Set down each line of the data exactly, but not the pictures.

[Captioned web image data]
----
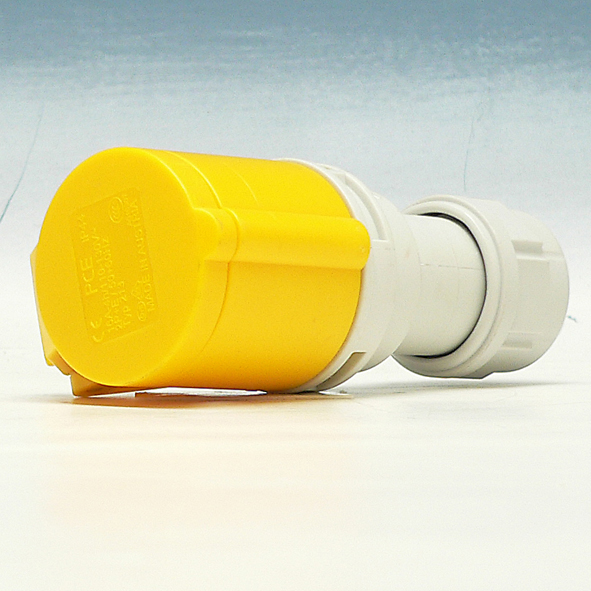 PCE 214-4V CONTRAST 16A 4P 110V IP44 GEEL afbeelding 2
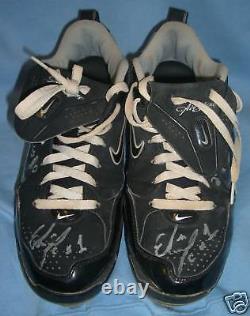 Everth Cabrera Signed 2009 Padres Baseball Game Used Cleats PSA/DNA Autograph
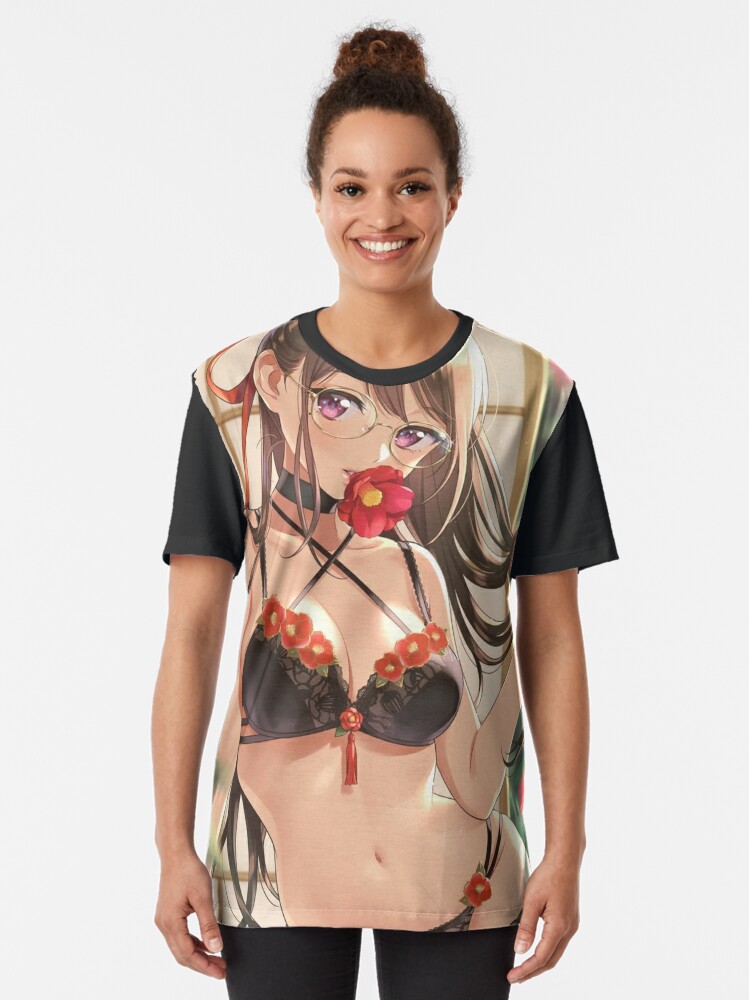 Anime girl underwear | Graphic T-Shirt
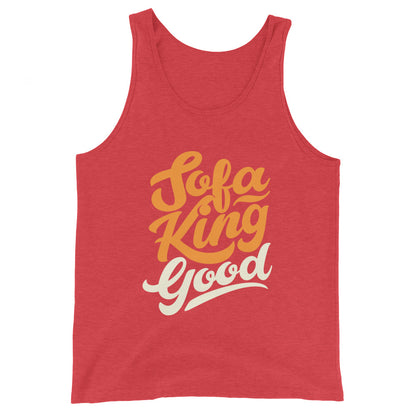 Sofa Men's Tank Top product image - Banter Lifestyle Clothing
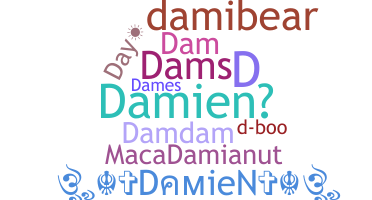 Becenév - Damien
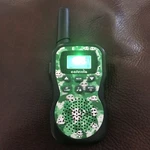 Caferria Kids Walkie Talkies Travel HK-588 W/lcd Flashlight Tested Works. Fixed Price $5.00.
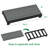 DryingNeat Instant Dry Sink Caddy, Kitchen Sponge & Soap Holder, Fast-Drying Countertop Organizer Tray-112282217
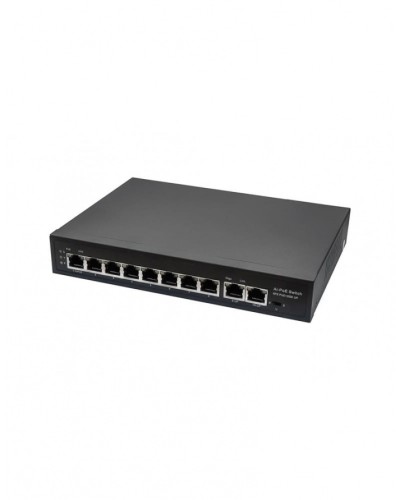 PoE коммутатор Fast Ethernet на 10 RJ45 портов NST NS-SW-8F2G-P в Махачкале Коммутаторы Pintop.ru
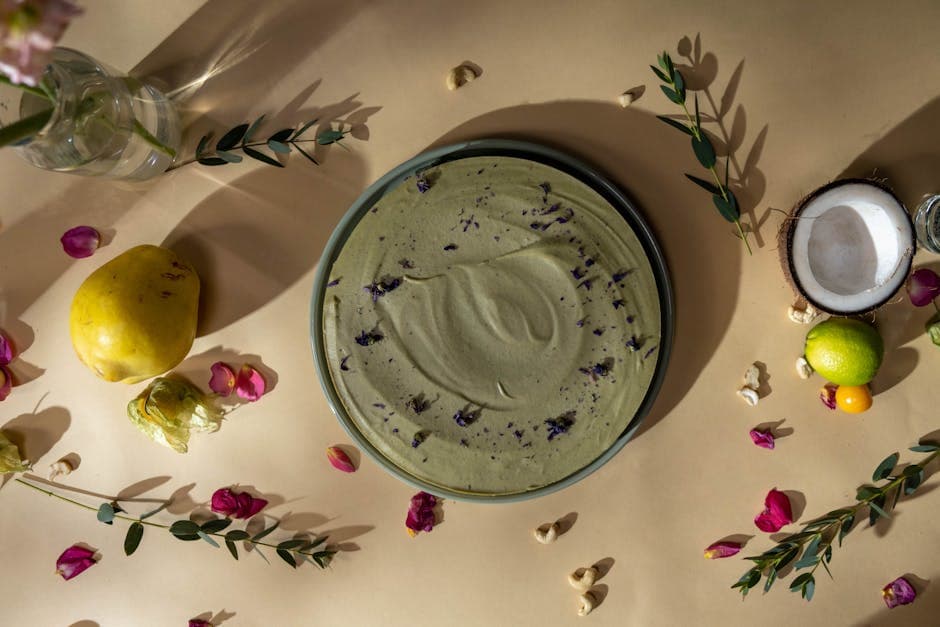 Kremete cashew-limekaker eller pai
----
- _Written solution_:
 PCE 214-4V CONTRAST 16A 4P 110V IP44 GEEL afbeelding 2
 Everth Cabrera Signed 2009 Padres Baseball Game Used Cleats PSA/DNA Autograph
 Anime girl underwear | Graphic T-Shirt
 Sofa Men's Tank Top product image - Banter Lifestyle Clothing
 Becenév - Damien
 Caferria Kids Walkie Talkies Travel HK-588 W/lcd Flashlight Tested Works. Fixed Price $5.00.
 DryingNeat Instant Dry Sink Caddy, Kitchen Sponge & Soap Holder, Fast-Drying Countertop Organizer Tray-112282217
 PoE коммутатор Fast Ethernet на 10 RJ45 портов NST NS-SW-8F2G-P в Махачкале Коммутаторы Pintop.ru
 Kremete cashew-limekaker eller pai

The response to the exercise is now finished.